Yeah, I can’t really defend catcalls and I tried. I told myself that this uniquely male sport is harmless fun. That it’s flattering, almost charming. Who else would shout compliments to a woman but a hopeless romantic? Besides, having a construction worker shout “lookin’ good” must appeal to a woman’s vanity, right? It’s not like a catcall has ever resulted in an actual date. If a woman ever positively responded to a man whistling, it would be like a dog chasing a car and catching it. The dude’s brain would be unable to comprehend reality shattering. While trying to craft a defense of catcalls, I found myself blaming women. Why can’t they take a joke? Or deal with a man who just wants her to know she’s hot? Women are so uptight. Feminists must hate romance, because all these roadside Romeos are doing is shouting up at a woman’s balcony. This was my train of thought.

A catcall is a random reminder that women are prey — that in our society women are weak and men are powerful.

Catcalls are funny. Unless they’re animal noises, then they’re doubly funny. Did you know that “hisssssss” is lizard for “I find you highly attractive”? I once heard a dude shout at a woman, “I want to be that sweater you’re wearing! You can hang me out to dry whenever you want!” Not bad for off the cuff. This is me taking something seriously that I’ve never taken seriously. Isn’t a catcall just a byproduct of the dating power dynamics? Men are supposed to approach women, who have the power to reject them. So a catcall is just a way of evening out the score. Every dude, myself included, has approached a woman, only to have her roll her eyes over us like giant boulders. Catcalls are just part of the fun and games that we call courtship. I even imagined a reality where women catcalled men. In that Twilight Zone, men would welcome the attention. Bask in it. We’d become preening peacocks and would probably buy tighter fitting jeans. What’s the big deal with catcalls? They’re a victimless crime. If you don’t like them, simply purchase snugger ear buds, or just stop being so sexy.

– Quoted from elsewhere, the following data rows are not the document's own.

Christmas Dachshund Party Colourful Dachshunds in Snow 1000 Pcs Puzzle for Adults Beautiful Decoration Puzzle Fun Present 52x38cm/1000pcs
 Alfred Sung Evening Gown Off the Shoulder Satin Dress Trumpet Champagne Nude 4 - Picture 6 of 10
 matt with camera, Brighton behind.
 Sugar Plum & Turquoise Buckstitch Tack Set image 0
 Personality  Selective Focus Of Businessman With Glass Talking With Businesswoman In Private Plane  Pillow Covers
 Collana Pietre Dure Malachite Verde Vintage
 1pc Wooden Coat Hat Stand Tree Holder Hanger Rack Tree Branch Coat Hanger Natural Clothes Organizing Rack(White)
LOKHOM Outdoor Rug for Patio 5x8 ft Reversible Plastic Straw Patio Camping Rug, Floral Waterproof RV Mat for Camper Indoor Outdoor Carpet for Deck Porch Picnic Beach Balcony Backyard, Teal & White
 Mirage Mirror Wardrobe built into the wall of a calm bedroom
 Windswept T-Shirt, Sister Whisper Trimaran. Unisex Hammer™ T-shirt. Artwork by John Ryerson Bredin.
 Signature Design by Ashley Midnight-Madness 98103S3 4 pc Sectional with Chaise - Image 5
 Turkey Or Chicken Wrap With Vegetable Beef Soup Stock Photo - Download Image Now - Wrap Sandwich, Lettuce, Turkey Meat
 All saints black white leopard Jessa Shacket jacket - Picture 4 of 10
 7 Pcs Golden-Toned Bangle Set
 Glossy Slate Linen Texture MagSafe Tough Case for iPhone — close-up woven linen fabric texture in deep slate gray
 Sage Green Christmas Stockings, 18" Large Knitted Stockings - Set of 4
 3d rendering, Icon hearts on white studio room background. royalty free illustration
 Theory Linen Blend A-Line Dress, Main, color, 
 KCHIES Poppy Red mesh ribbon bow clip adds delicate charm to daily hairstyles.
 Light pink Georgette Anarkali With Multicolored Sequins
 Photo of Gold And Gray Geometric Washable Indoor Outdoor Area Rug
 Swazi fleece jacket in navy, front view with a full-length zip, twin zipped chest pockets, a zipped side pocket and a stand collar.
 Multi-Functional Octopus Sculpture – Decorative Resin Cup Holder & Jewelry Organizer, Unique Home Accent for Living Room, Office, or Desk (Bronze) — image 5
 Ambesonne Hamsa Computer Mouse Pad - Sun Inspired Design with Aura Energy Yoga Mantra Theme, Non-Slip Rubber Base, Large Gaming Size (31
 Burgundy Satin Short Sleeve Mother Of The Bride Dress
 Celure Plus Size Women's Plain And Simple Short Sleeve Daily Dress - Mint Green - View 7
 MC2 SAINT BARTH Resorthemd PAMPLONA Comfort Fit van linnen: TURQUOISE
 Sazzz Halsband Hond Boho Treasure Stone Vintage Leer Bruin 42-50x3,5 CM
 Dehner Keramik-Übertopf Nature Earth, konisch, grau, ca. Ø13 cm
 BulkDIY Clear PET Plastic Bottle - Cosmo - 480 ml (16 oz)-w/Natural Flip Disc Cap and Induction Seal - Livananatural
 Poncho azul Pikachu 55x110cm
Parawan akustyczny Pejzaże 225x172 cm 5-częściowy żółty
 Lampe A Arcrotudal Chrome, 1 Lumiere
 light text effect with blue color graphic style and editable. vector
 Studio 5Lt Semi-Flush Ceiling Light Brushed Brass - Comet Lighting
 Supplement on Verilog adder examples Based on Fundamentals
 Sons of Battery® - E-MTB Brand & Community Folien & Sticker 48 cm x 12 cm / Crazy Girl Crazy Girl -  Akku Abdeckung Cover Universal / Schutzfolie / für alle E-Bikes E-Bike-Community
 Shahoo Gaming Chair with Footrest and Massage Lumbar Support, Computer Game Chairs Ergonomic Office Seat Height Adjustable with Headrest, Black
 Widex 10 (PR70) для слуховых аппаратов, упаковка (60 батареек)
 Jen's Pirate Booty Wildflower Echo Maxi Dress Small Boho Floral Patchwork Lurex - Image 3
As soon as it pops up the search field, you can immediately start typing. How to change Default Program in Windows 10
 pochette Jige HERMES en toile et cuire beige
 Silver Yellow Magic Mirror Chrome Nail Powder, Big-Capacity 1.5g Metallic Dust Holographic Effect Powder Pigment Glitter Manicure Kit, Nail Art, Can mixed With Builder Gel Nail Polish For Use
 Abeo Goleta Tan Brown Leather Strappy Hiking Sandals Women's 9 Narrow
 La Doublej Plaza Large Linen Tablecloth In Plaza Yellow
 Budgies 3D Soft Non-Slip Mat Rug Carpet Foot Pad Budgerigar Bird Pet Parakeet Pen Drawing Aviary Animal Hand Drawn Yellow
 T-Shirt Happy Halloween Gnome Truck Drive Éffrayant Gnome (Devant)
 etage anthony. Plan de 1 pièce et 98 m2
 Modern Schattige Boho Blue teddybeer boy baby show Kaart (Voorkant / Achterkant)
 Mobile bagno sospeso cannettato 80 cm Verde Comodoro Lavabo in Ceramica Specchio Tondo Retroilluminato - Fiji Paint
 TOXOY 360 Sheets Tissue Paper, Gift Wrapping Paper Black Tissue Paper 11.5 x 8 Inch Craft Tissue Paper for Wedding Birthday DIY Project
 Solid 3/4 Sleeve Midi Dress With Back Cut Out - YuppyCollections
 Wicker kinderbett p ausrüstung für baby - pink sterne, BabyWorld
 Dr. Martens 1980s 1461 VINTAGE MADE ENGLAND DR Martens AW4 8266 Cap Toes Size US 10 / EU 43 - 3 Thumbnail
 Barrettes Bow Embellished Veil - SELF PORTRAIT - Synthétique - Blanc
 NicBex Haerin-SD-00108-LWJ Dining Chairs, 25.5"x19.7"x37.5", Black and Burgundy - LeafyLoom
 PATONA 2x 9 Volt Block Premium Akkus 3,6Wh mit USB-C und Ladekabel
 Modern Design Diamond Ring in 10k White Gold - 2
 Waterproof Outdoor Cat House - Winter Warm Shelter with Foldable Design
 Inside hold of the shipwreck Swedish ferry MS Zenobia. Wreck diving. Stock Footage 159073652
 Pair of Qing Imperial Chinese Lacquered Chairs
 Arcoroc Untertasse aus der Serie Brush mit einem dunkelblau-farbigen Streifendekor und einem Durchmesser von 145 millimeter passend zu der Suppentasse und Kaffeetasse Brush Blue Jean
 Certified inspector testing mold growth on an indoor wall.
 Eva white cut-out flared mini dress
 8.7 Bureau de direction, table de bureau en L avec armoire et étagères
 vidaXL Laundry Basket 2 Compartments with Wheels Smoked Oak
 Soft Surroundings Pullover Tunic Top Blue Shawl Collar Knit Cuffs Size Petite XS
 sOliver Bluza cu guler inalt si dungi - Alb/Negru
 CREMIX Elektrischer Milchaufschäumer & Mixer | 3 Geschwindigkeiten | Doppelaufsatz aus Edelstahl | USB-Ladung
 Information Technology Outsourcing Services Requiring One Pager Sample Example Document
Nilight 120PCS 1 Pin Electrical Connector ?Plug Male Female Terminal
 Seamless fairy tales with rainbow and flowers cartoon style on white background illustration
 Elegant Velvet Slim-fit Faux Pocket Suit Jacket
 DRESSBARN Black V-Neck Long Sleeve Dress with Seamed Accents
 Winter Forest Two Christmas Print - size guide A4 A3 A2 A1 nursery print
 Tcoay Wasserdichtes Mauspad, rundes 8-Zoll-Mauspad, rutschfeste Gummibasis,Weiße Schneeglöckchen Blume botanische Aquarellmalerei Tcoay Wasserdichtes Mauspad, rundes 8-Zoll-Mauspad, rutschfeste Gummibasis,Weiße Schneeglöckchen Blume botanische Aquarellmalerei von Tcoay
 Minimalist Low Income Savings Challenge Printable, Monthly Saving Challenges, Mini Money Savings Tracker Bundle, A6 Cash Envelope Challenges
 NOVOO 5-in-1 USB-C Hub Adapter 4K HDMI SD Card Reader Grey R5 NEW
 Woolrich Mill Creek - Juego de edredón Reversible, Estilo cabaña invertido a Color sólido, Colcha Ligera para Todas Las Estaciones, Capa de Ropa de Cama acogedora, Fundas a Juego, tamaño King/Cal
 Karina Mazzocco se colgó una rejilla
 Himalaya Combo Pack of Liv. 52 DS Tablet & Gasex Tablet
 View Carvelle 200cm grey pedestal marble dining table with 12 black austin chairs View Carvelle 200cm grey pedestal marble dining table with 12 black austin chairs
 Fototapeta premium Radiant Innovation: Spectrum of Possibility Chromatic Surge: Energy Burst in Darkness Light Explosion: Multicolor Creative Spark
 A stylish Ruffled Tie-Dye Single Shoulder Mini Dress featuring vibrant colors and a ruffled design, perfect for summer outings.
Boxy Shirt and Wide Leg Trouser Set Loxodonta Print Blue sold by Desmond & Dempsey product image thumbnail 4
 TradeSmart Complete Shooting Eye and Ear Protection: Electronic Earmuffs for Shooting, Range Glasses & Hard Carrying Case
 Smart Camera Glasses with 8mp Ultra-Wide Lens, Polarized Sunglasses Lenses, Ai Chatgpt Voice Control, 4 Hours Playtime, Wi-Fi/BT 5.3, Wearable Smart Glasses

Oof. Like I wrote: I tried. But I can’t be honest about catcalls and not point out their sinister subtext.

Catcalls are a distant cousin of the racial epithet. Racial epithets aren’t inert phrases, or impolite expressions of ignorant opinion. They’re verbal weapons. In the old South, for instance, the “N” word wasn’t just hate speech. It was psychological warfare, an invisible whip and shackle that was a way of keeping a minority in its place. Racial insults are code words that either confirm membership in a specific club or, more insidiously, confirm that someone else is a powerless outsider who needs to remember society’s pecking order. Reading comprehension being what it is online, I’m going to write, for the record, that I am not directly comparing the social tactics employed by Americans to oppress generations of other Americans with what some would argue is just improper behavior between men and women. But I am writing that catcalls are unwelcome advances by men and serve an eerily similar purpose as a racial epithet, which is to subjugate the mind, which controls the body.

A catcall is a random reminder that women are prey — that in our society women are weak and men are powerful.

The irony, of course, is that power doesn’t need to declare itself. Such gambits are the gnashing teeth of impotence itself. In reality, only sticks and stones break bones. Names only hurt if you let them.

A catcall is a promise of a threat wrapped in laughter. That threat is simple: “I can’t, but I could.” I’ve seen women unleash the Krakken on men flicking their tongues or making kissing noises. These women explode with rage, and are met with men who cackle like jackals at the loss of control. Somehow, the laughter makes everything OK. I know this, because I’ve laughed at this kind of spectacle. I’ve been part of a pack, drunk outside a bar. I’ve patted a friend on the back after he shouted something lewdly clever at a woman walking past us, consoled him when she turned her head, told him to “F**k off,” but kept walking, only faster. “She’s just stuck up.” That’s what I probably said. And we laughed, and fed on her fear.

I’ve never seen a woman react to a catcall with total terror. Normally, women frown and bear it. They look frustrated or annoyed or, as I mentioned, take the battle to the enemy. These are all very human defensive reactions to a potential threat. The only reaction to a catcall is some manifestation of fear: fight or flight. Since romantic interaction is never an outcome, I can only further conclude that catcalls serve the purposes I suggested earlier. Oh, and one other thing: it’s not a “cultural” thing. I’m half-Mexican, and the “culture” defense is the perverse side of identity politics. Men should not be rude to other women. They should not, essentially, bully.

I will undoubtedly get gruff from some men. But, like, lighten up, bros. Most of the emotional Napoleons who will probably take the most offense to any introspection or criticism of male identity by a man are beyond reason anyway. As always, I will leave them to their deep-seated anger at their terrible fathers. I also realize that writing this will probably feed the paranoia of some women that men are hopeless pigdogs who oink and bark and baroink. We’re not. Duh. I am not a fragile man. I am not perfect, and neither is my gender. Catcalls are superficially obnoxious, and substantively menacing. It’s probably one of those behaviors that both genders will benefit from when it’s extinct.